Police officers in South Yorkshire are increasingly coming under attack while trying to protect our streets, shocking figures reveal.
The number of officers being assaulted or wounded attempting to make arrests across South Yorkshire has nearly doubled over the last five years.
Last year, 256 injuries were reported by officers who had been assaulted or involved in a violent struggle trying to detain a suspect. In 2013, that figure was 129.
The statistics, obtained through a Freedom of Information request by The Star, show one officer was seriously injured last year and six more required at least seven days off work after being attacked or wounded making arrests.
In April last year, PC Lisa Bates was left with a partially-severed finger, a fractured skull and a broken leg after being attacked with an axe by Nathan Sumner in Gleadless Valley, Sheffield.
South Yorkshire Police launched a campaign after the sickening attack, encouraging staff to report their injuries.
It believes that could be partially responsible for the spike in injuries recorded during 2016, though the number had risen steadily during preceding years.
Assistant Chief Constable David Hartley, of SYP, said that officers were ‘acutely aware’ of the dangers they may face while on duty but the attack on PC Bates had ‘really brought it home’.
He said: “Since the launch of the campaign, we have seen an increase in the number of officers reporting incidents to us.

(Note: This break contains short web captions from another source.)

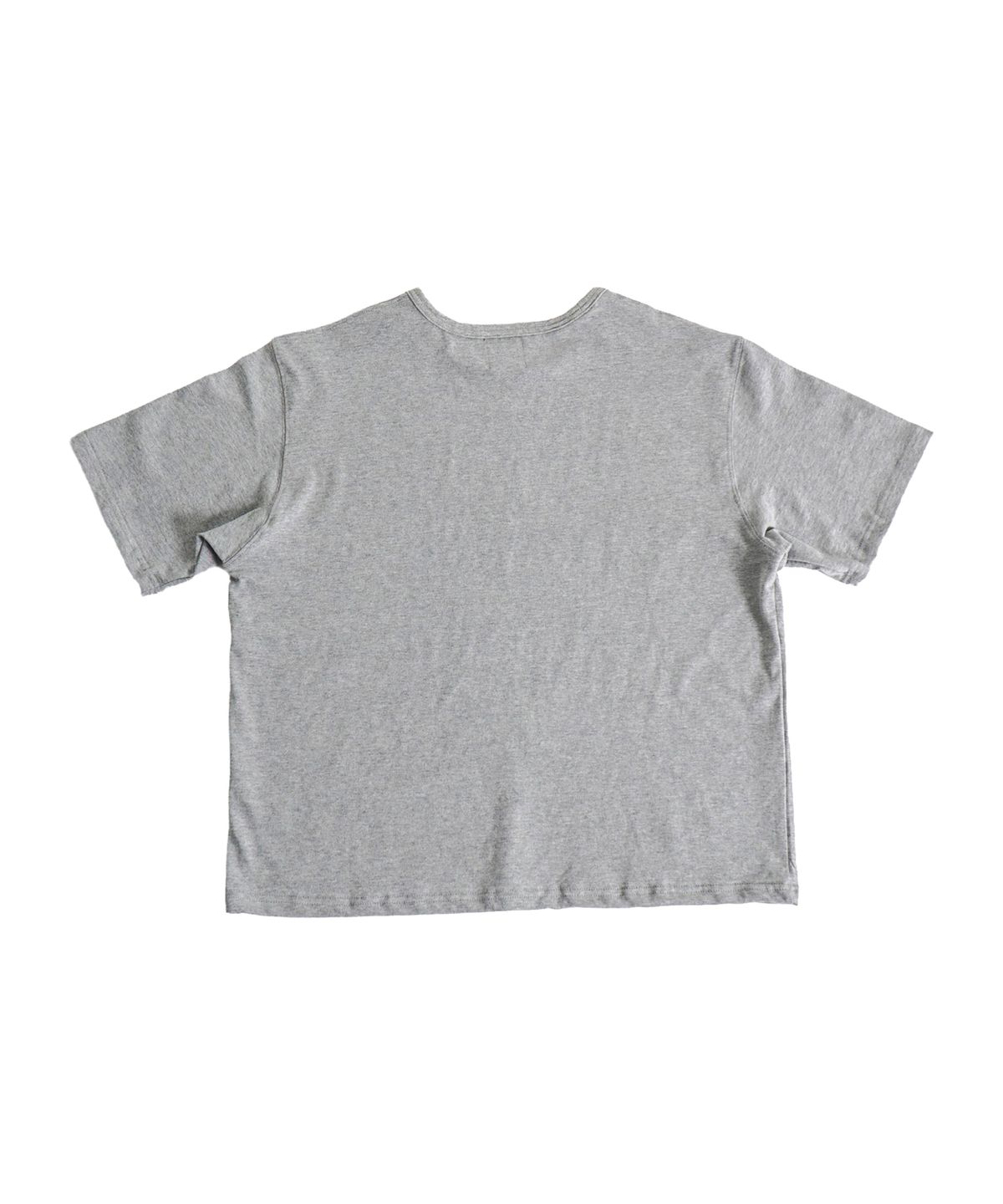 헤테로(HETERO) Hetero Wave Logo Shrunken T-shirt (Melange Grey)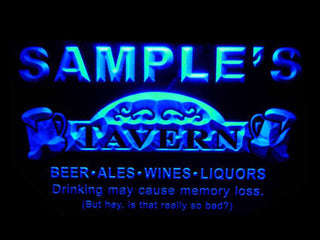 ADVPRO Name Personalized Custom Tavern Man Cave Bar Beer Neon Light Sign st4-px-tm - Blue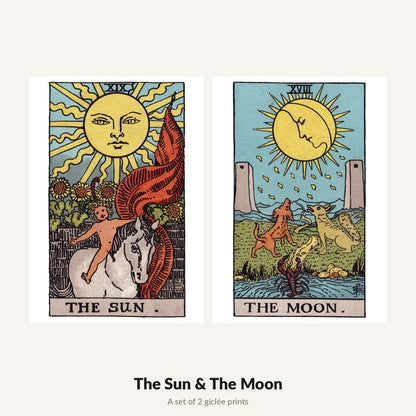 The Sun and The Moon — set of 2 giclée prints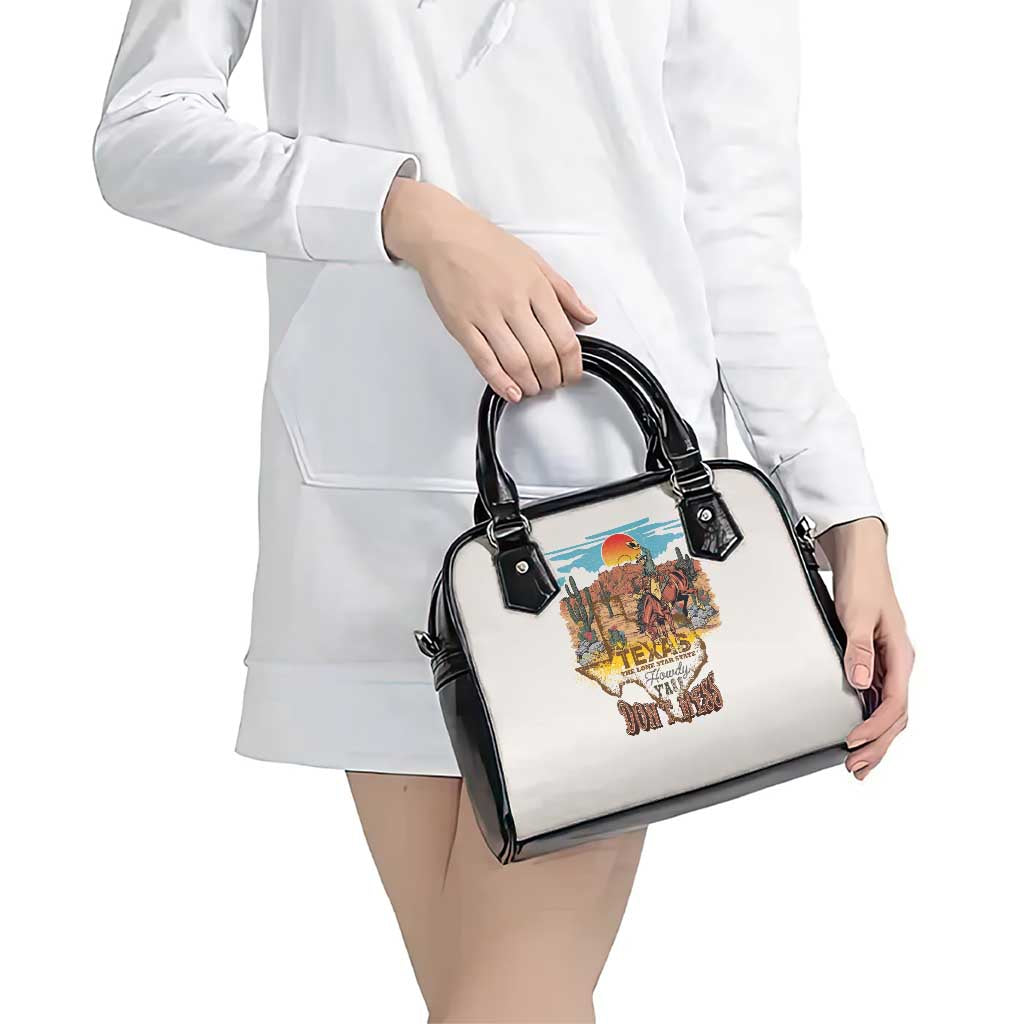 Texas Cultural Heritage Shoulder Handbag Cowboy and Desert Howdy Y'All Don'T Mess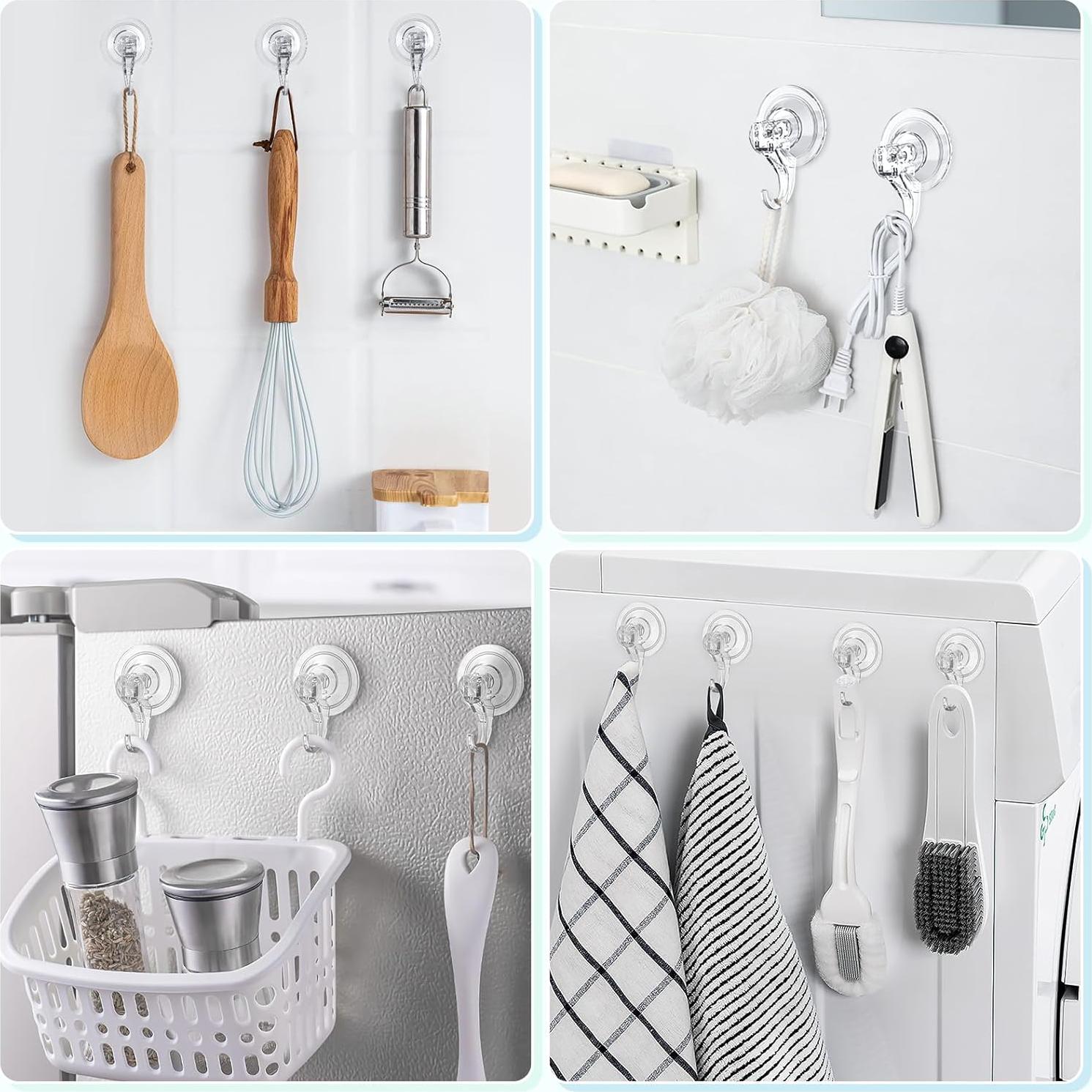 Ganchos de Ventosa VIS'V Transparentes 2 Pcs Alta Resistencia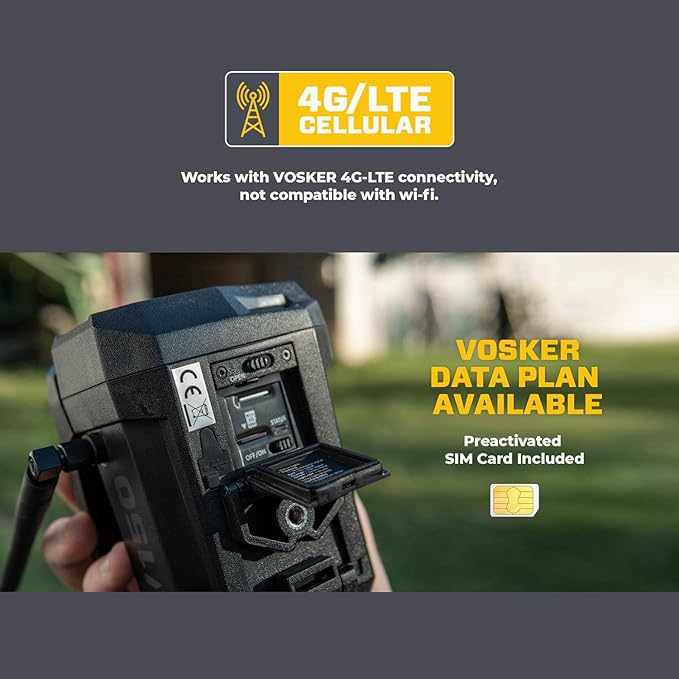 Vosker V150 Solar-Powered LTE Cellular Home Security Outdoor Camera | Motion - Image 5
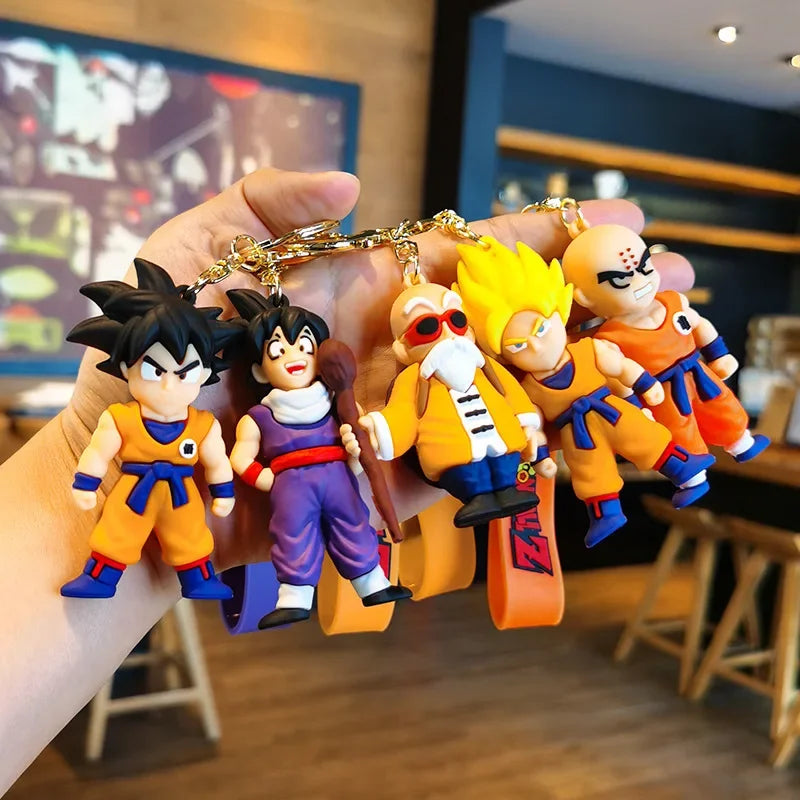 Anime Dragon Ball Keychain Z Super Saiyan Son Goku Bulma Broly Piccolo Majin Buu Series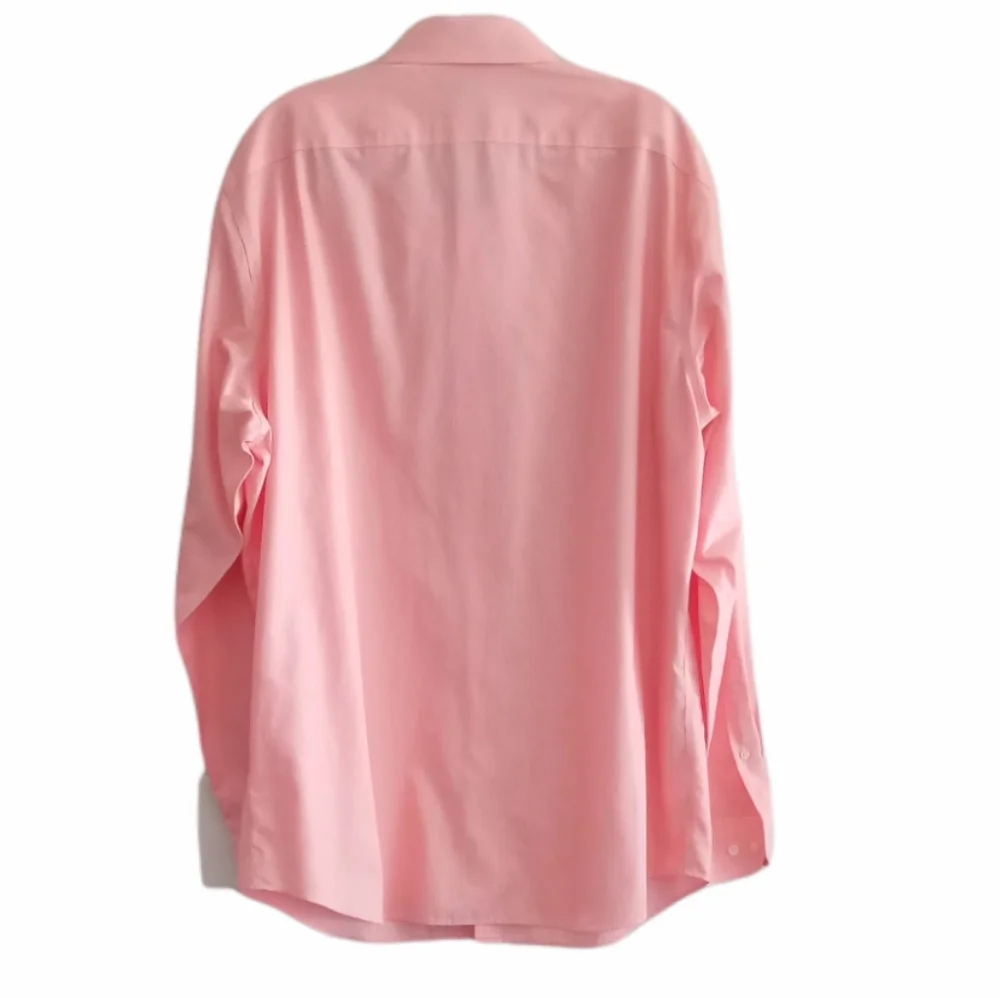 Banana Republic Men's Tailored Slim Fit Cotton Oxford Shirt XL Pink & White - Picture 2 of 7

“We have a detailed and thorough internal process to support officers who have been injured while on duty and we will always do everything we can to ensure their welfare.”
He added that supervisors always assessed the risk before sending officers on jobs to ensure they were properly equipped.
The Police Federation, which represents officers across England and Wales, has called for harsher sentences for those who assault emergency service workers and has launched its campaign to Protect the Protectors.